In Russland waren die Frauen in eine starre patriarchalische Ordnung gepresst. Kirchliche Orthodoxie und Tatarenherrschaft hatten die bis zum 10. Jahrhundert bestehende starke gesellschaftliche Stellung der Frauen untergraben und die Frauen wurden aus der Öffentlichkeit verbannt. Erst mit Peter dem Grossen wurden westliche Ideen und Lebensformen in Russland aufgegriffen und verschafften so den Frauen aus Adelsfamilien mehr Rechte und individuelle Freiheiten. Nun konnten Frauen am öffentlichen Leben teilnehmen und selbständige Vermögen verwalten. Allmählich entstanden Bildungseinrichtungen für Frauen aus der Oberschicht. Die Mode war Französisch geprägt und die Adligen Frauen korrespondierten mit westlichen Denkern und Dichtern. Die Diskrepanz zwischen der Lebensweise des Adels und der ländlichen Bevölkerung wuchs damit immer mehr. Die Frauen auf dem Lande waren in die Grossfamilien eingebunden und wurden geringschätzig behandelt, davon geben ein paar russische Sprichwörter Zeugnis ab:

Ein Huhn ist kein Vogel – ein Weib ist kein Mensch

Alleinsein ist ein Unglück, mit einer Frau – ein doppeltes

Die Frau ist ein Kochtopf, sie wird nicht zerbrechen, schlägt nur drauf

Wo ein Weib ist, da braucht man den Teufel nicht mehr.

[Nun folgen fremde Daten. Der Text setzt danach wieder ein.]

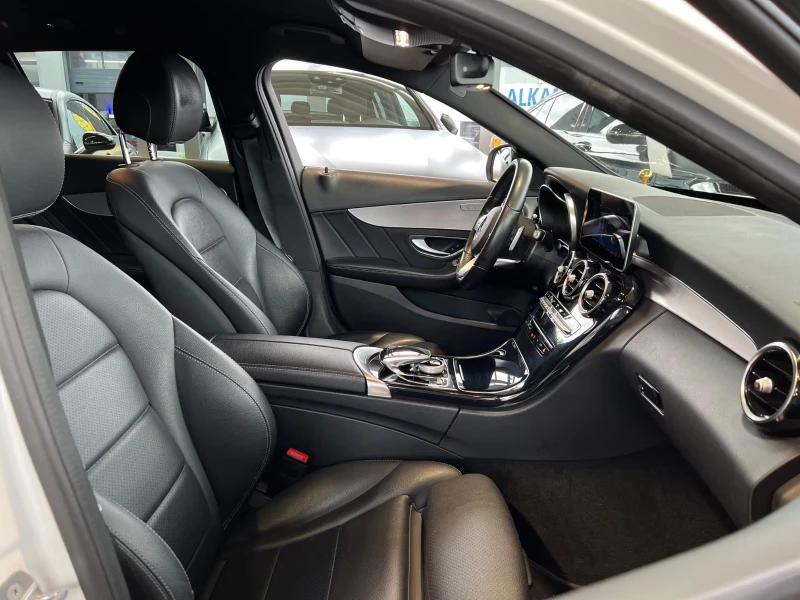 Mercedes-Benz C 220 d/AMG-PACK/BURMESTER/NAVI/194HP/105D, снимка 14 - Автомобили и джипове - 51883262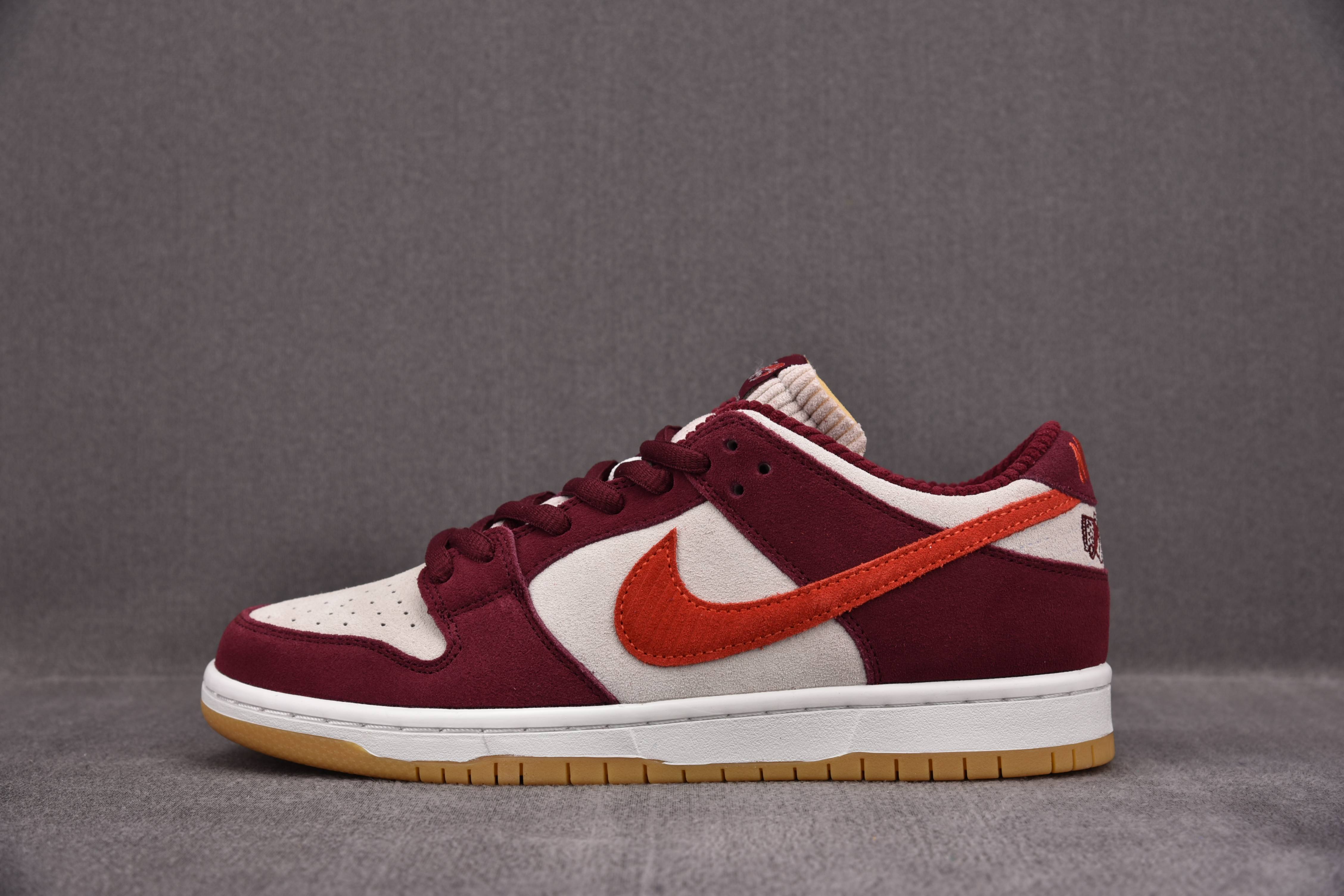 Nike Dunk Low Skate Like a Girl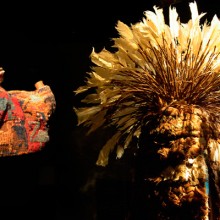 Izq:Gorro de cuatro puntas polícromo ,tejido anudado con agregado de felpa.Wari (costa centro-sur andina)550-950 d.C.Colección Particular. Der:Gorro con penacho ,tejido a telar con agregado de plumas,algodón.Chimú (costa central andina) 900-1470 d.C.Colección Particular.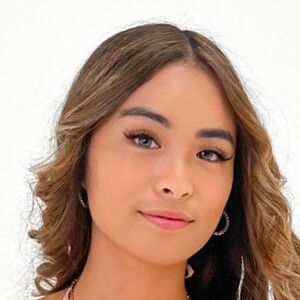 Lauren Tong, 23 (TikTok Star)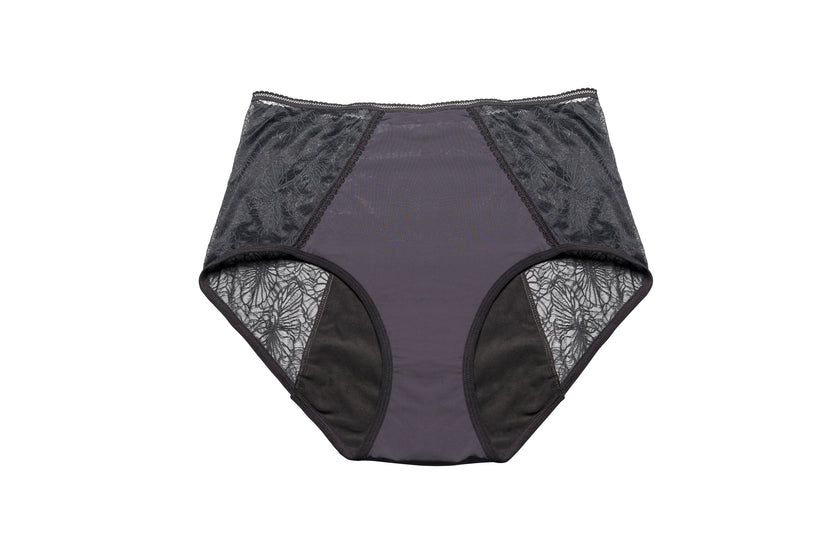 Cheeky Wipes Menstruatieslip Feeling Fearless met extra absorptie: voel je extra comfortabel met het high rise model, hoog getailleerd en super comfortabel, Het zelfde model als de Comfy, maar dan extra absorberernd. Verkrijgbaar in 10 maten in kleur zwart.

Ich dachte, ich sehe zwei Personen, aber es war nur ein Mann mit seiner Frau

Die orthodoxe Kirche predigte Duldsamkeit, Unterordnung und Gehorsam als Gebot. Nachdem Gesetz von 1833 waren Rechte und Pflichten in der Familie staatlich geregelt:

- Uneingeschränkter Gehorsam der Kinder, auch der verheirateten, gegenüber den Eltern
- Heirat nur mit elterlichen Segen
- Versorgungspflicht der Eltern
- Bedingungsloser Gehorsam der Frau gegenüber dem Ehemann
- Die Pflicht der Frau ihrem Mann überall hin zu folgen (sie hatte keinen eigenen Pass, die Frauen wurden beim Mann eingetragen)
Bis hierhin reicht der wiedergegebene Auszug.